Die "New York Times" berichtete nun, dass Barack Obama höchstpersönlich die Entscheidung fälle, wer getötet werden soll. Die Zeitung berief sich dabei auf die Aussagen von drei Dutzend derzeitigen und ehemaligen engen Beratern. An jedem Dienstag, dem "Terror Tuesday", sichte Obama im "Situation Room" des Weißen Hauses zusammen mit mehr als 20 Experten Fotos und Lebensläufe potenzieller Opfer. Geschildert wird eine Szene vom 19. Januar 2010, als der Präsident unter 15 Al-Qaida-Verdächtigen ein 17-jähriges Mädchen entdeckte. "Wie alt sind diese Leute eigentlich?", fragte Obama. "Wenn sie jetzt anfangen, Kinder einzusetzen, dann kommen wir in eine ganz neue Phase." Offiziell sieht die Politik der US-Regierung vor, Terrorverdächtige festzunehmen und nur zu töten, wenn es nicht anders geht. Doch die Realität sieht anders aus. Kampfdrohnen machen keine Gefangenen, und auch im Fall der von Obama persönlich sanktionierten Tötung von Al-Qaida-Chef Osama Bin Laden in Pakistan war eine Gefangennahme offenbar gar nicht erst erwogen worden.
+++ Präsident Obama sieht Ära der langen Kriege als beendet an +++
Staunend verfolgen nicht nur die US-Bürger die Wandlung vom professoralen Kriegsgegner und Friedensnobelpreisträger zum "Henker-Präsidenten", wie ihn das Magazin "Time" bereits etikettierte. Statt eines Oberkommandeurs (Commander-in-Chief) sitze nun so etwas wie ein Oberscharfrichter (Executioner-in-Chief) im Weißen Haus, lästerte ein "Time"-Kommentator. Die "New York Times" zitierte den US-Botschafter in Pakistan, Cameron Munter, der über Obamas Strategie knurrte, er habe gar nicht gewusst, dass sein Hauptjob darin bestehe, Leute zu töten. Munter hat vorzeitig gekündigt.
Barack Obama sei ein innerlich widersprüchlicher Führer, der vor dem politische Ringen um die Schließung des umstrittenen US-Gefängnisses Guantánamo auf Kuba zwar zurückschrecke, aber tödliche Operationen genehmige, "ohne die Hände zu ringen", schrieb das Blatt. Jener liberale Rechtsprofessor, der gegen den Irakkrieg und die Folter aufgestanden sei, behalte sich nun die moralische Kalkulation bezüglich Leben und Tod vor, falls ein Top-Terrorist von seiner ganzen Familie umgeben sei. Der US-Sender ABC kommentierte, Obama sei der Präsident, der einen Krieg beendet habe (Irak), einen anderen gerade beende (Afghanistan) und zugleich einen dritten - den Drohnenkrieg - eskaliere.

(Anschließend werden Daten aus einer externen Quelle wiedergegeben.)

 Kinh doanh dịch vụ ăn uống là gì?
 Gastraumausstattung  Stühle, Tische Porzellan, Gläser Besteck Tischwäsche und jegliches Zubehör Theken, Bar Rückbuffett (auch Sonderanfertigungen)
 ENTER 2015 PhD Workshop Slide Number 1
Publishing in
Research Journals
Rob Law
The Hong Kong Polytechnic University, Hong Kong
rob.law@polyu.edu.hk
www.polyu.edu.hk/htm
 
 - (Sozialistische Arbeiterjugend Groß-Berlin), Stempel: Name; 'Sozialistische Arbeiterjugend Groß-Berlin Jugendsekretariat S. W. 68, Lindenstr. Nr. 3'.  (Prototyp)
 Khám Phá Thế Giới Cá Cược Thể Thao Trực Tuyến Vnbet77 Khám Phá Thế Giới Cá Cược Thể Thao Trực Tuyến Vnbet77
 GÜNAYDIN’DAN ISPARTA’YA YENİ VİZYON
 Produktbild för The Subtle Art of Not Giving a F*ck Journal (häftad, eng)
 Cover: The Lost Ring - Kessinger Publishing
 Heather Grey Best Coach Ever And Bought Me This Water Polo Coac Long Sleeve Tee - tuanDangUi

Zu Beginn seiner Amtszeit habe er das Prinzip "Tötet alle und sucht die Schuldigen später heraus" gehasst, erklärte ein enger Mitarbeiter des Präsidenten. Inzwischen gehe er pragmatisch mit dieser Art Kriegsführung um.
+++ Medien: Cyberattacken gegen Iran von Obama angeordnet +++
Wie US-Medien jetzt berichteten, sei es auch Obama gewesen, der den Einsatz des Computerwurms "Stuxnet" befohlen habe, der das Siemens-System Simatic S7 zur Steuerung der Zentrifugen in der iranischen Atomanlage Natans lahmlegte und 1000 Zentrifugen außer Betrieb setzte. Irans Atomprogramm wurde durch den von amerikanischen und israelischen Softwareexperten erstellten Wurm für 18 bis 24 Monate zurückgeworfen. Stuxnet sei Teil eines geheimen Cyberkriegsprogramms mit dem Namen "Olympische Spiele" gewesen, das von Obama persönlich betreut worden sei. Jeden Schritt habe er selber autorisiert. Barack Obama sei sich völlig darüber im Klaren gewesen, dass er mit dieser Operation eine völlig neue Art der Kriegsführung entfesseln könne.